> _Source data_
★ ★ ★ ★

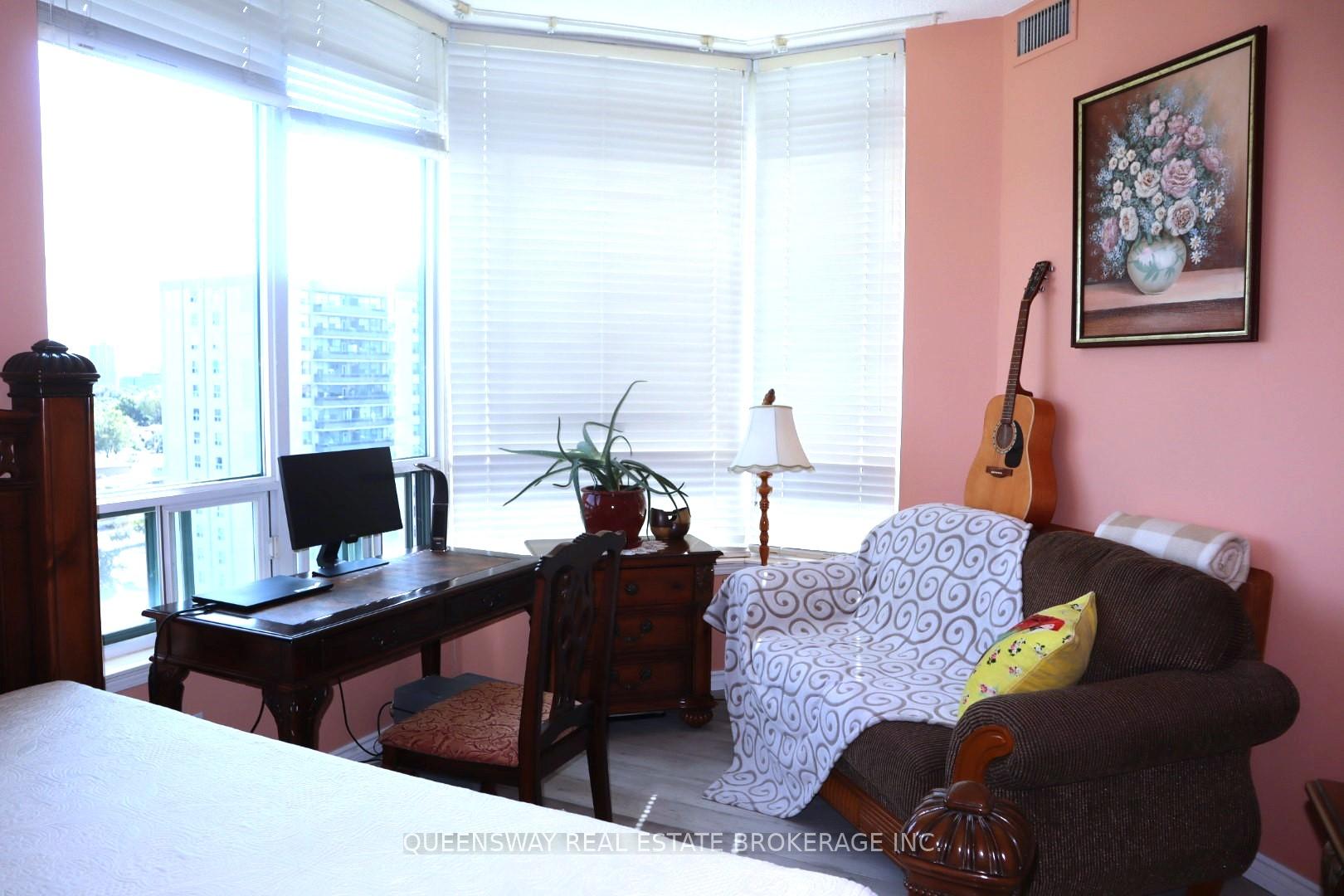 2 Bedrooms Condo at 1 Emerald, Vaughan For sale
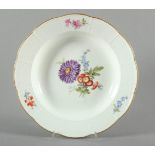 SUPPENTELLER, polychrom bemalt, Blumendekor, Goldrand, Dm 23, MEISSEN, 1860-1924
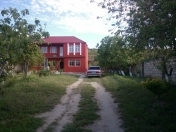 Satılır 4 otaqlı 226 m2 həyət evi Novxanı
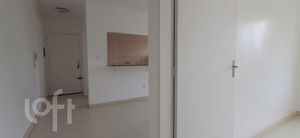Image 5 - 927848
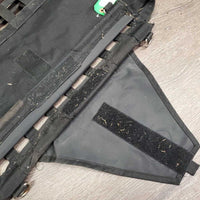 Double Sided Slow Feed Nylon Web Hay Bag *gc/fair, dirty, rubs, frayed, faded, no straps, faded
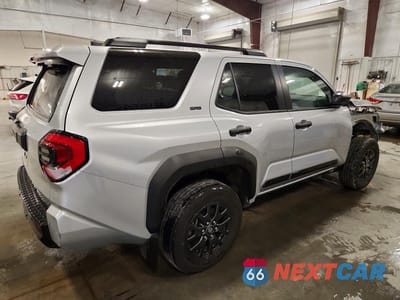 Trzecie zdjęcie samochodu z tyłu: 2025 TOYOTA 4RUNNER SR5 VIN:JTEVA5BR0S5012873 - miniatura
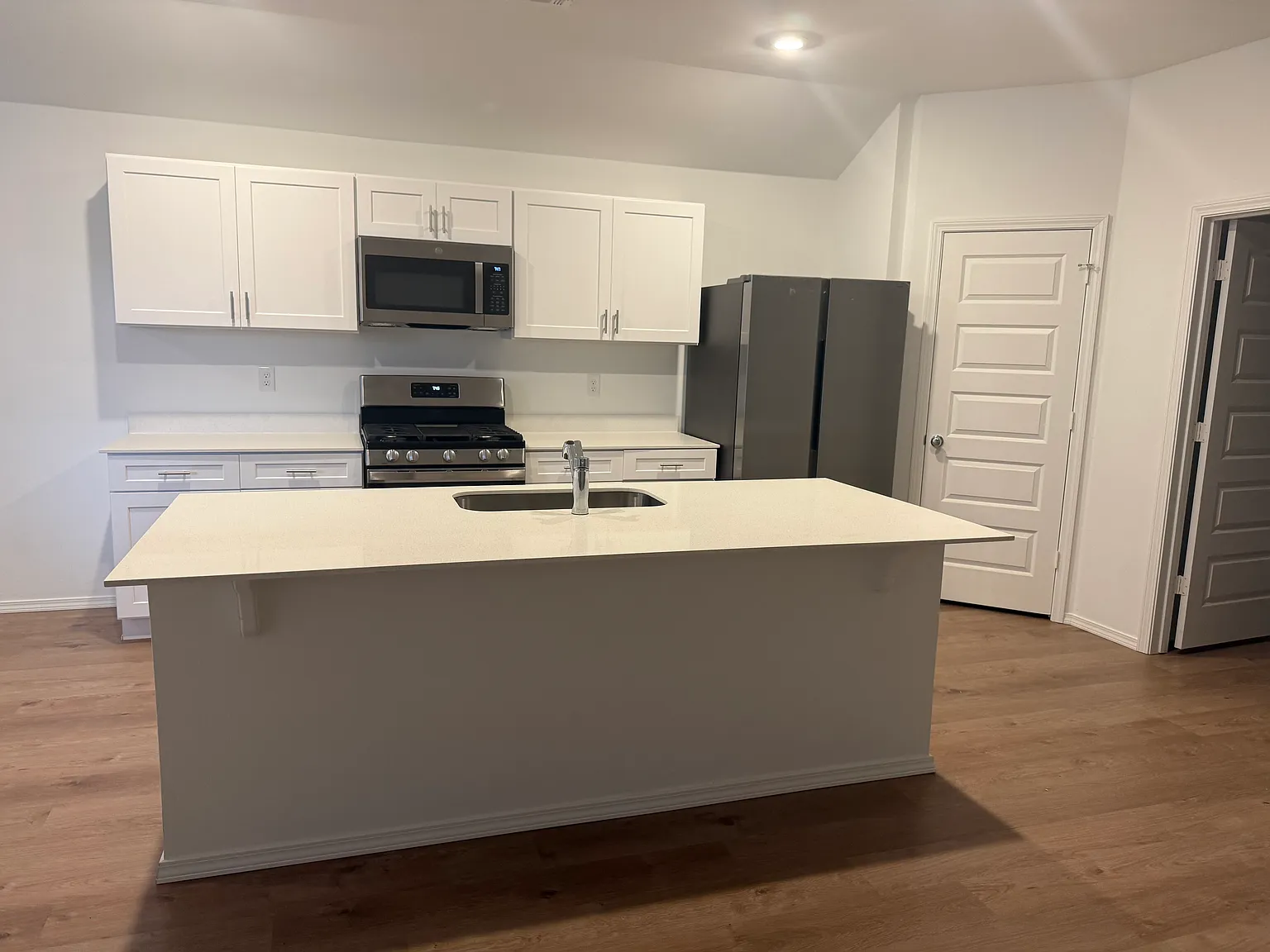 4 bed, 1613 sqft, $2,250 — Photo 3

★ ★ ★ ★

> _Problem statement_
Nothing but the lines from the one with "Image 5 - 927848" through the end of the entries above, both included, should be set down, exactly and without pictures.

> _Result below_
Image 5 - 927848
 Double Sided Slow Feed Nylon Web Hay Bag *gc/fair, dirty, rubs, frayed, faded, no straps, faded
 Trzecie zdjęcie samochodu z tyłu: 2025 TOYOTA 4RUNNER SR5 VIN:JTEVA5BR0S5012873 - miniatura
 4 bed, 1613 sqft, $2,250 — Photo 3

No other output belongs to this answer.